| THE TASK |
Quote all of the data exactly as given. Skip every picture it contains.

| DATASET SECTION |
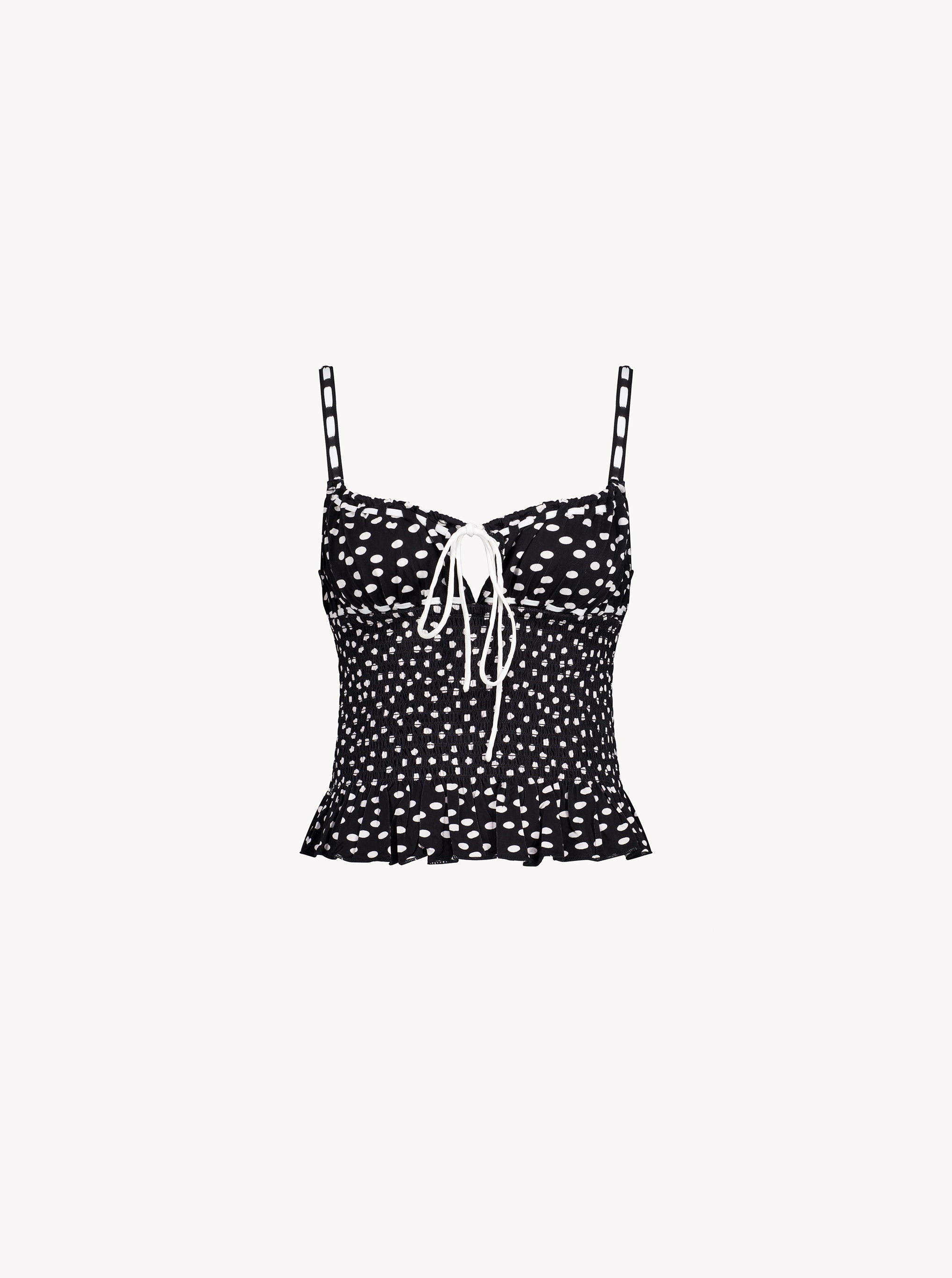 Slip Top - Black Polka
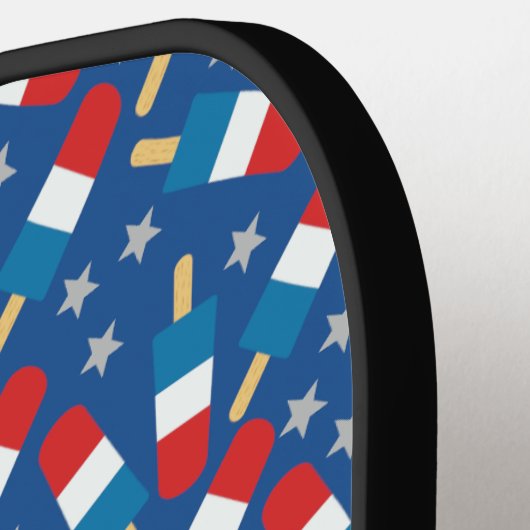 Zomer 4 juli patriottische populaties pickleball paddle (Links Detail)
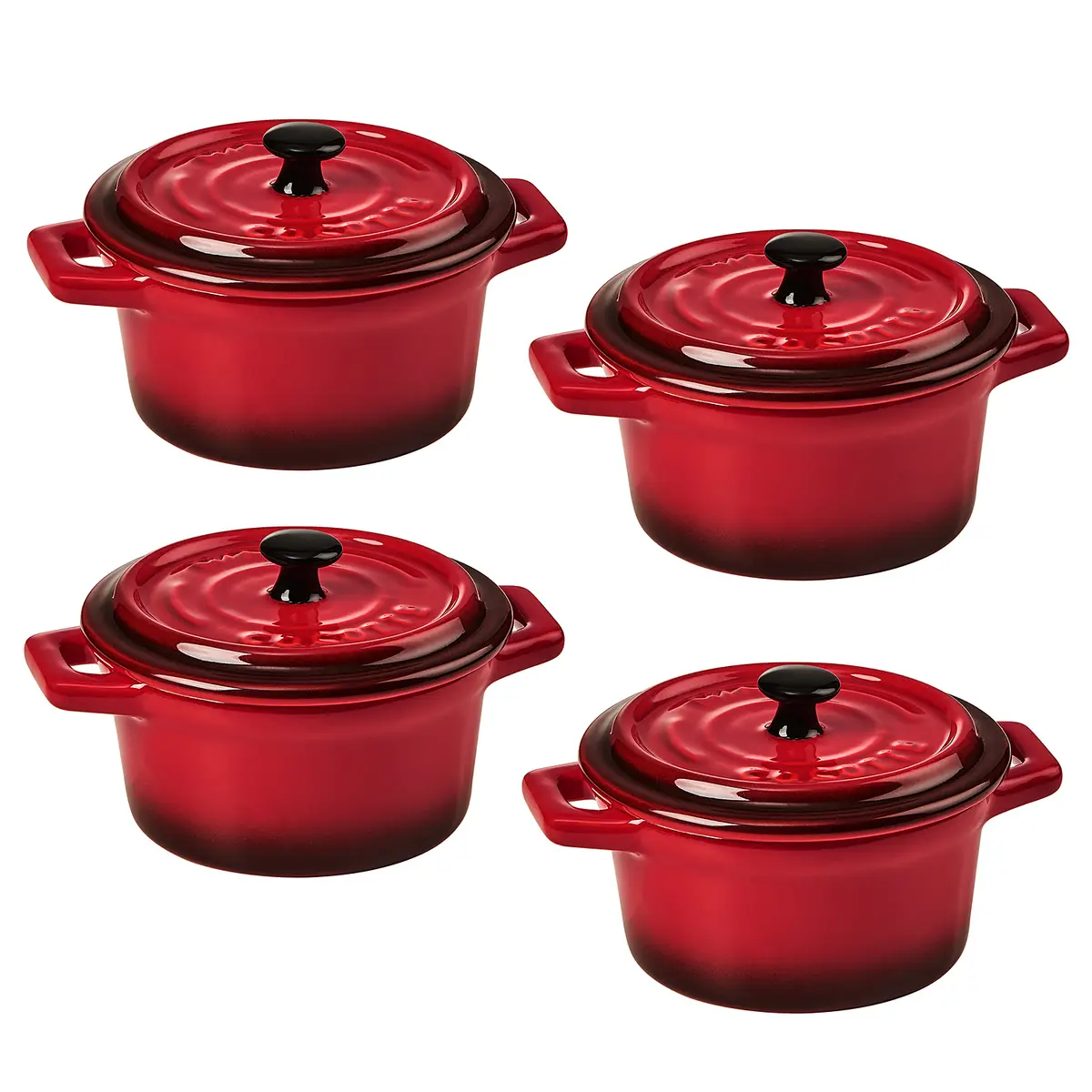 Mini-Auflaufform 4er-Set | Rot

| ANSWER BELOW |
 Slip Top - Black Polka
 Zomer 4 juli patriottische populaties pickleball paddle (Links Detail)
 Mini-Auflaufform 4er-Set | Rot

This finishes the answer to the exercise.